PalladioSimulator/Palladio-ReverseEngineering-SoMoX-SEFF

Repository files navigation

Palladio-ReverseEngineering-SoMoX

Introduction

This project assists the reverse engineering process by transforming the input source code into a Palladio Component Model artifact, the Service Effect Specification (SEFF). The project is based on the Palladio Component Model (PCM), which is a modeling concept developed at the Software Quality and Design (SQD) institute at KIT. It is used together with the Service Effect Specification (SEFF) and the Eclipse JDT AST parser to create an abstract model of the source code. It can be used to describe relationships between provided and required components and models their input and output variables.

If you are familiar with the background of PCM, SEFF, AST, and fluent interfaces, jump directly to Objectives.
If you are familiar with the project, jump directly to Usage.

Motivation & Background

Most of the time a forward engineering approach is used when developing software. After the definition of the system specification, a software design is created. With this software design, the source code can be built in a structured way. Some legacy projects do not have any kind of specification or design documentation available. Reverse engineering is a very interesting approach in this scenario because it tries to build higher abstraction models of the available source code. Code analysis can be a very time-consuming and exhausting task. Single condition statements can make the difference between a performant or slow implementation. If the developer is not common with the code it's hard to find the exact location. That's why an automated, easily readable diagram from the code would be a perfect solution for developers.

It can be used for reverse engineering purposes to retrieve the original design and find all connections between components. It eases the feature development and improvement process in legacy systems and enables a clean code base with fast-to-find refactoring options or analysis of resource demands.

Palladio Component Model (PCM)

Palladio is a software architecture simulation approach that analyzes a software project at the model level for performance bottlenecks, issues with scalability, reliability threats, and allows for subsequent optimization. The approach needs different artifacts as input to perform the simulation. Artifacts can be the specification of the components, the composition of the components, or a specification of the behavior of the functions inside the components. This behavior specification is known as Service Effect Specification.

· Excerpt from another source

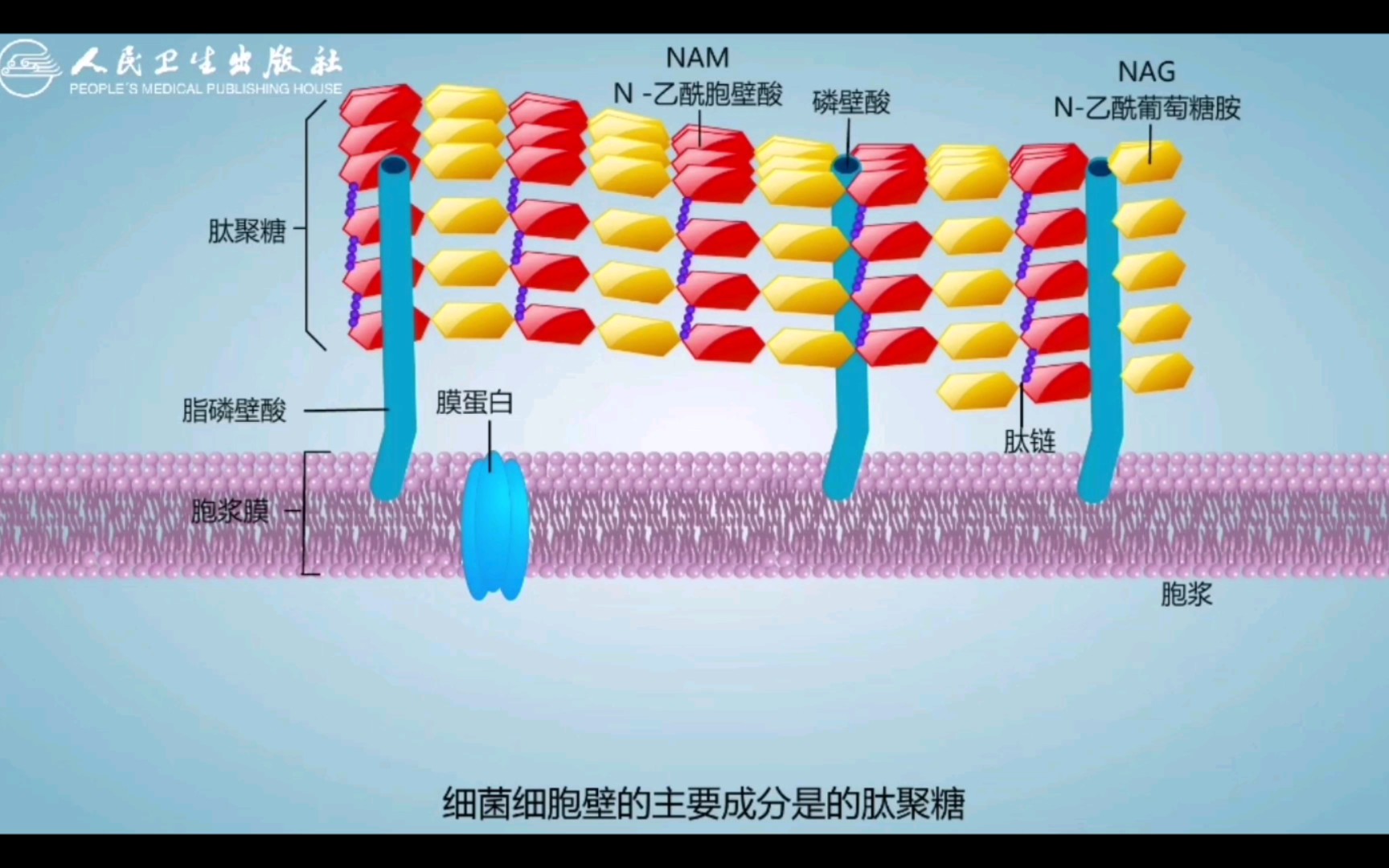 白霉素的作用与功效(白霉素：强效杀菌，治疗感染疾病)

Service Effect Specification (SEFF)

The Service Effect Specification (SEFF) is a kind of activity diagram to model abstraction of the component and function behavior. It offers several ways to specify the type of action elements of the diagram. For the simulation, the actions can be enriched with resource allocation specifications such as CPU or HDD usage.

AST

Eclipse provides a way to access and manipulate Java source code via the Java Development Tools (JDT) API. The API can either be accessed via the Java Model or via the Abstract Syntax Tree (AST). For our implementation, we choose to follow the AST path, since it matches the MoDisco / JaMoPP models described below.

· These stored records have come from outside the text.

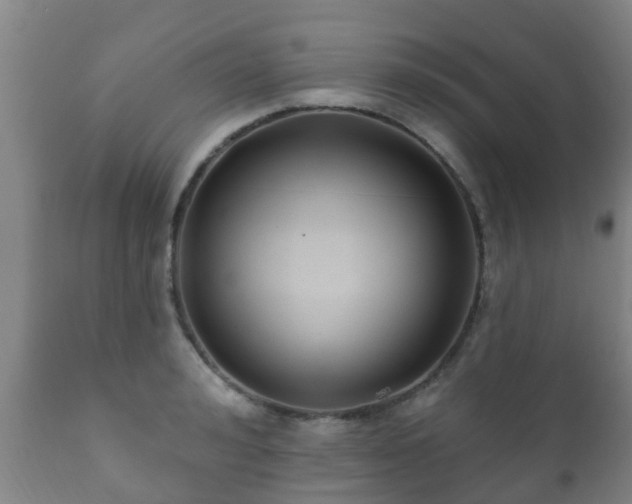 X0000112420992200908211141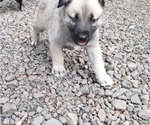 Small Photo #4 German Shepherd Dog-Siberian Husky Mix Puppy For Sale in CENTRAL POINT, OR, USA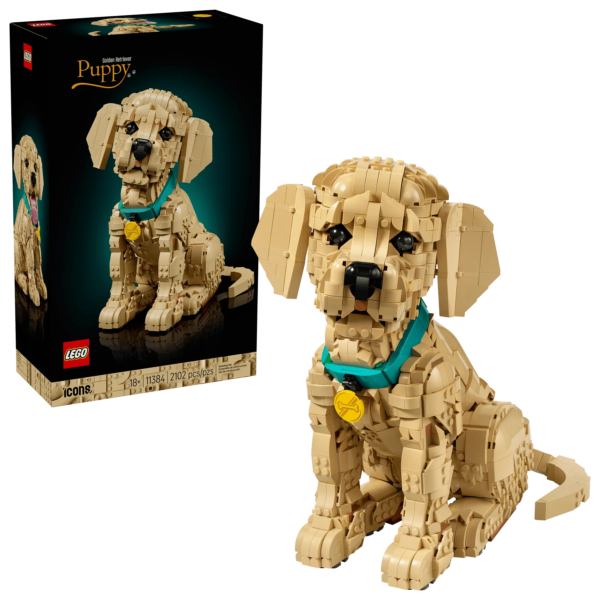Golden Retriever Puppy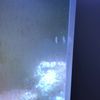clipThumbnail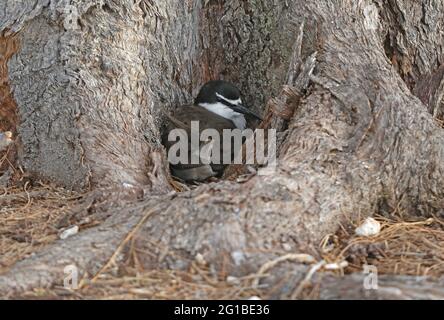 Bricketseeschwalbe (Onychoprion anaethetus anaethetus) ist am Nest am Fuße des Baumes Lady Eliot Island, Queensland, Australien Februar Stockfoto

The AST is a detailed tree representation of the Java source code which can be traversed via the visitor Pattern. It consists of a root node (ICompilationUnit) and many different child nodes which are built upon each other.
The AST has a structure similar to
AST: Structure where each MethodDeclaration describes a function of the root class and each Statement describes a different code snippet. The AST can be enriched with additional information like TypeDeclarations to model the affiliated classes which we choose not to do (see Limitations & Future Work).

Visitor Pattern

The visitor pattern is a commonly used behavioral pattern, which provides the possibility to separate an algorithm from an object structure on which it operates. It is a perfect match to traverse the AST since it opens the possibility to read and process parts of the object structure without directly modifying it.

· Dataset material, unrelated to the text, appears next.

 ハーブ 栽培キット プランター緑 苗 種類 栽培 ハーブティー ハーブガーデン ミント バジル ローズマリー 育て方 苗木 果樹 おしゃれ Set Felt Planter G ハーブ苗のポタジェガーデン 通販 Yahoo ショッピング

The AST provides an interface where visitors can be accepted and calls their visit function in a recursive cycle. To react to the different types of nodes the visit function has to be overloaded ensuring that each type and its children are processed correctly. Since it's not always wanted to process each child till the very deep end a return value can be set where true traverses the children and false stops the traversing of the children and returns to the parent.
This pattern enabled us to build a very lightweight code structure and helped to meet all Objectives.

Objectives:

The project focused on different objectives to help the user:

  • Transformation of Java source code to a Palladio Component Model repository with SEFF elements
  • Understandable source code structures to enable changes to the original code and further development
  • Preprocessing the source code for runtime analysis via PCM

Since there were previous implementations of this project the objectives always stayed the same, but this version updated the code base to match newer Java versions. To stay compatible with the build process of other versions we also created an IBlackboardInteractingJob <Blackboard<Object>> called Ast2SeffJob. It uses a similar visitor pattern to the other versions but has direct access to the code via the JDT Ast pattern. Further information can be found in section JDT Version.

MoDisco/JaMoPP Version

This project is a further development from the MoDisco and JaMoPP versions. It was implemented based on the JaMopp version, which was based on the MoDisco version. To fully understand our implementation we first describe the differences between MoDisco and JaMoPP.
The MoDisco version was the first version of the reverse engineering project and was implemented by Klaus Kogmann. It was very clean structured since it had comprehensible mapping rules and was able to directly map code blocks to SEFF actions. The parsing process took Java code and parsed it with the MoDisco parser into the MoDisco model, made processing via the visitor pattern in the GAST2SEFF class, and output different SEFF objects in the XML format. Since the support for the parser stopped and it was not able to parse new structured Java Code the development of the MoDisco version stopped and a new version (JaMoPP) was implemented.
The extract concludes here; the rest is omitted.